Des constats, des ambitions, mais pas ou peu de moyens… Tel est le sentiment qui domine chez de nombreux professionnels de l’eau à l’issue de la deuxième séquence des Assises de l’eau, clôturées par l’annonce d’un pacte de 23 mesures destinées à faire face aux effets du changement climatique.

Les constats, fruits de plusieurs mois de confrontations et de débats, et synthétisés en conférence de presse par François de Rugy et Emmanuelle Wargon le 1er juillet dernier, sont certes intéressants.

Le problème, c’est qu’ils datent.

En rappelant qu’un changement de modèle reposant sur une intégration de la préservation de la ressource en eau dans toutes nos politiques publiques s’impose, de même qu’une réduction de l’impact de nos activités sur les milieux aquatiques, le ministre enfonce une porte ouverte depuis une bonne dizaine d’années.

En décrétant l’urgence climatique, il se fait l’écho de ce que soulignent les agences elles-mêmes, notamment Adour-Garonne et Rhône-Méditerranée-Corse, depuis plusieurs années également.

Il en va de même pour beaucoup des mesures annoncées, même si leur intérêt n’est pas contestable.

L’exécutif souhaite ainsi relancer la protection des captages, une mesure déjà affirmée lors du Grenelle de l’Environnement, en dotant 1.000 points de captage de plans de protection d’ici fin 2021. Pour renforcer l’effectivité de la mesure, les collectivités pourront préempter des terrains en vente sur ces aires d’alimentation. Mais, et c’est sans doute le point faible de la plupart des mesures annoncées, rien de contraignant.

Sur les économies d’eau, l’objectif a été fixé de baisser les prélèvements de 10% d’ici 2025 et de 25% en 15 ans. Pour ceci, un élargissement des tarifications incitatives est prévu, de même que la mise en place d’une tarification sociale de l’eau. Cette dernière mesure, inscrite dans le projet de loi « engagement et proximité », sera sans doute chaudement discutée au Sénat à l’automne.
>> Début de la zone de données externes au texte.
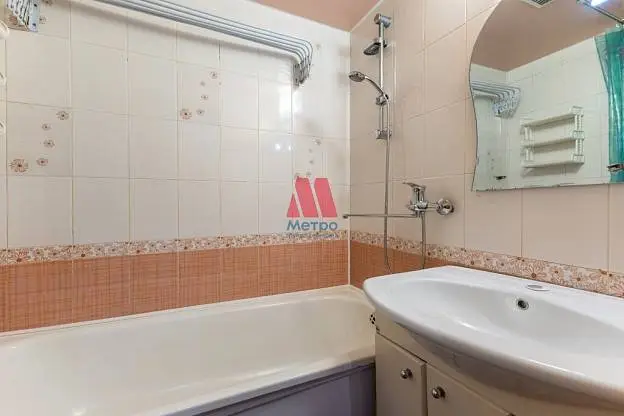 2-комн. квартира, 53,7 м², 6/10 этаж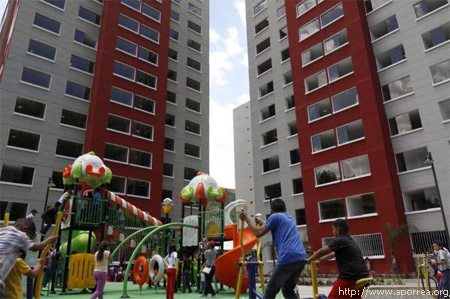435.440 viviendas dignas ha edificado la Gran Misi&#243;n Vivienda Venezuela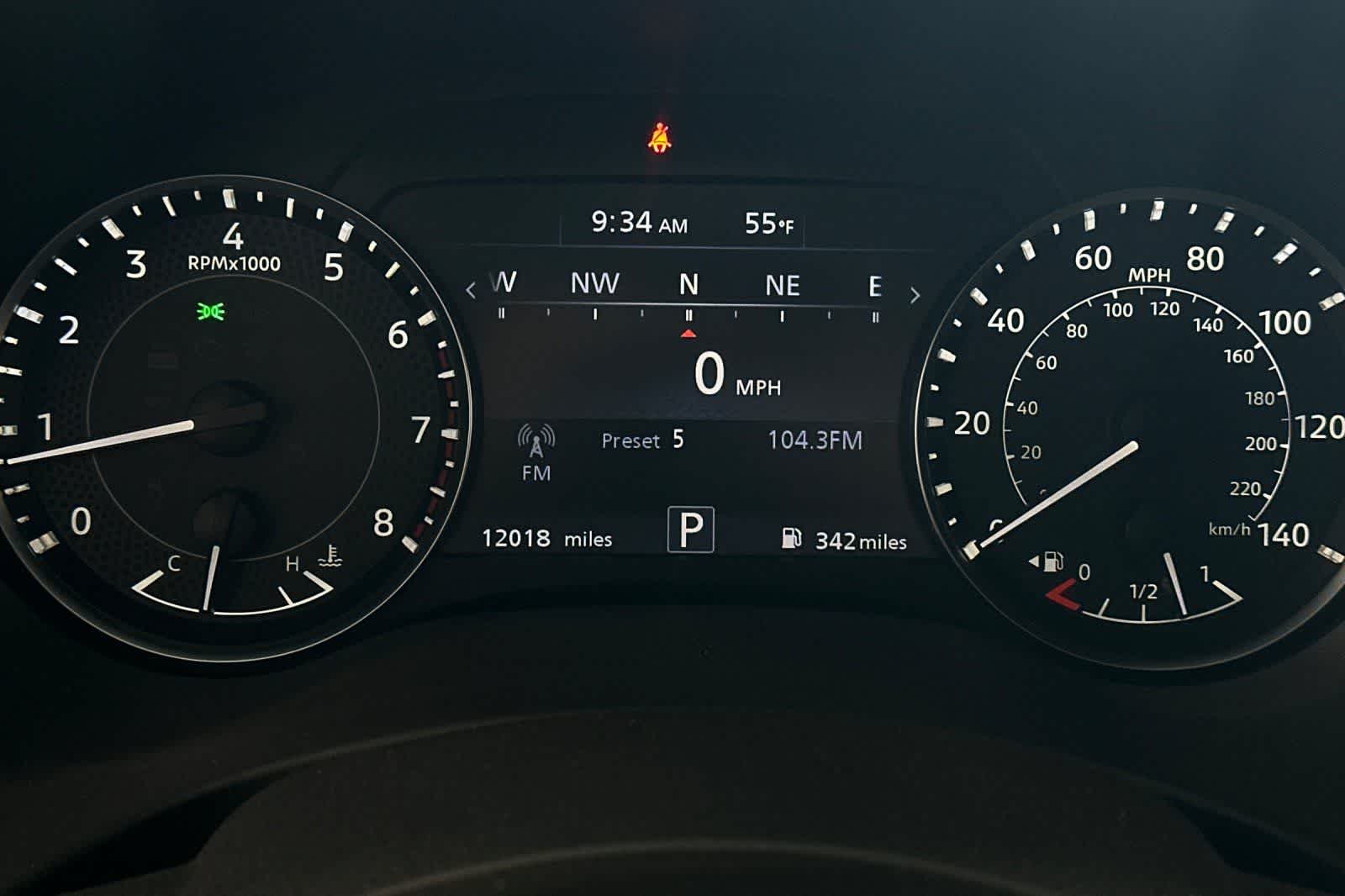 Thumbnail: 2023 Nissan Armada - 26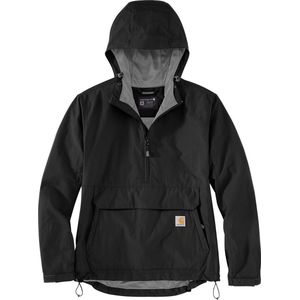Carhartt - Women Lightweight Anorak - Jas - Zwart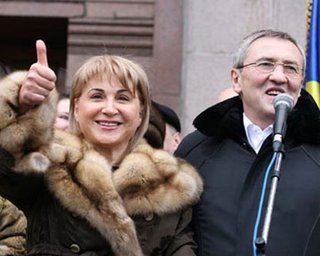 Черновецкий развелся с Айвазовой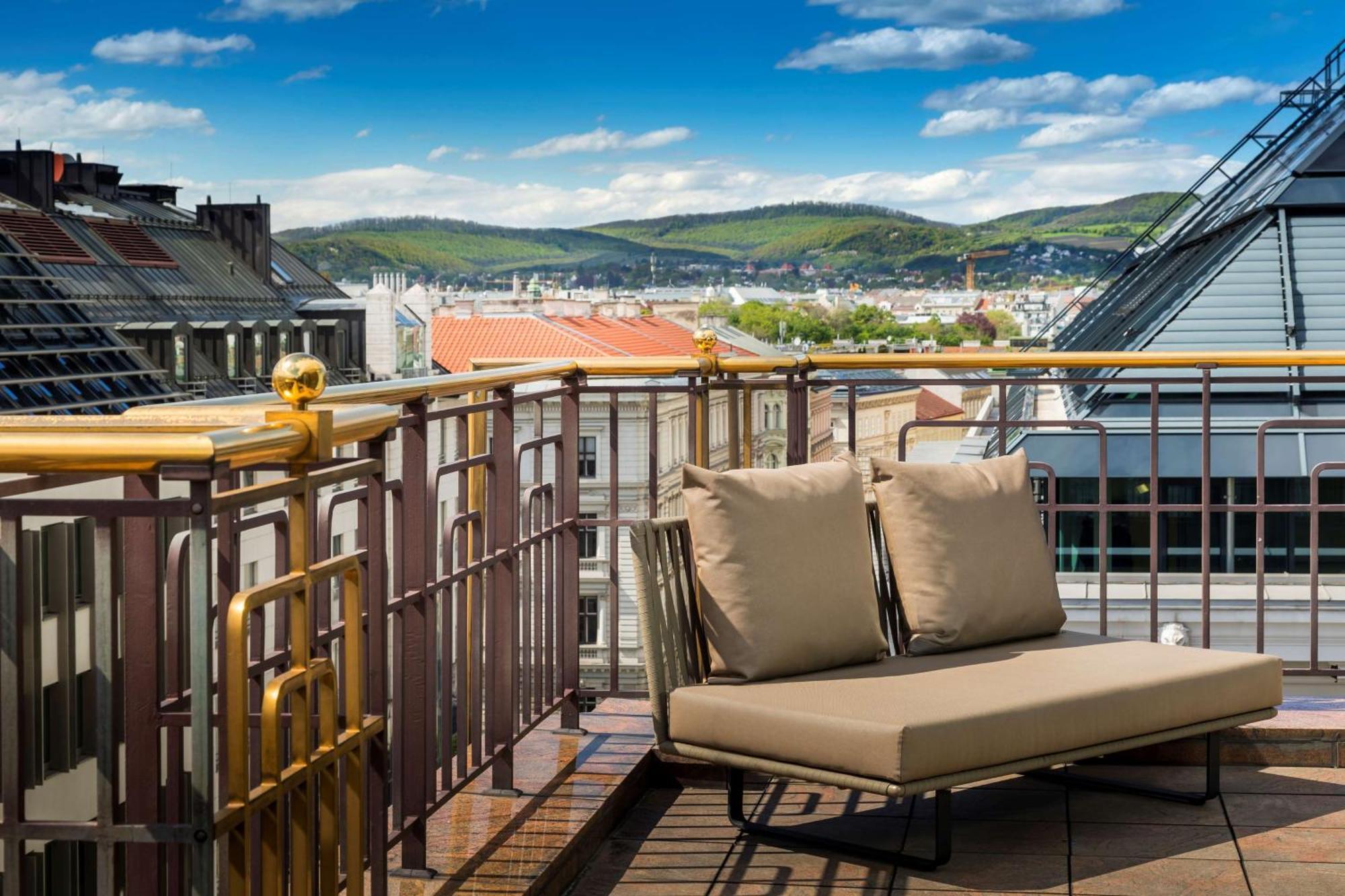Hotel Hilton Plaza Viena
La valorisation des eaux non conventionnelles, c’est-à-dire la réutilisation des eaux usées traitées et des eaux de pluie est également une problématique qui préoccupe élus et professionnels depuis plus de 20 ans. Le gouvernement se fixe pour objectif de tripler d’ici 2025 les volumes de ces eaux réutilisées en introduisant des évolutions réglementaires. Très bien, mais 2025 c’est loin, et ce triplement nous laissera très en deçà de ce qui se pratique dans bien d’autres pays, y compris européens. Trop peu et trop tard...

L’exécutif souhaite enfin restaurer 25.000 km de cours d’eau et doubler la superficie des zones humides protégées d’ici 2030. Parfait, mais comment financer ?

Car c’est sur la question des moyens financiers que se concentrent les critiques, et plus particulièrement sur l’absence de création de ressources financières spécifiques et affectées au grand cycle de l’eau.

Pour l’instant, le financement des mesures annoncées se limite à des redéploiements, à budget constant, des disponibilités actuelles des agences, et par de la dette via le mécanisme des aqua-prêts accordés par la Banque des territoires et la Caisse des dépôts et consignations.

Rappelons que le financement de la politique de l’eau repose actuellement à 85 % sur la facture d’eau des consommateurs. Or, la simple mise en œuvre du principe pollueur/préleveur-payeur justifierait à elle seule une augmentation significative des redevances prélèvements, de même que la création de nouvelles redevances, par exemple sur les engrais azotés. Mais rien sur le sujet, alors que les usages agricoles représentent 70 % de la consommation d'eau en France, contre 20 % pour les industriels et 10 % pour les usages domestiques…

Enfin, aucun engagement n’a été pris sur la suppression du « plafond mordant » qui pèse lourdement sur le budget des agences, et dont tout le monde s’accorde à dire qu’il va à l’encontre des ambitions affichées par le gouvernement.

L’équation financière du secteur de l’eau reste donc, à l’issue de ces Assises, inchangée.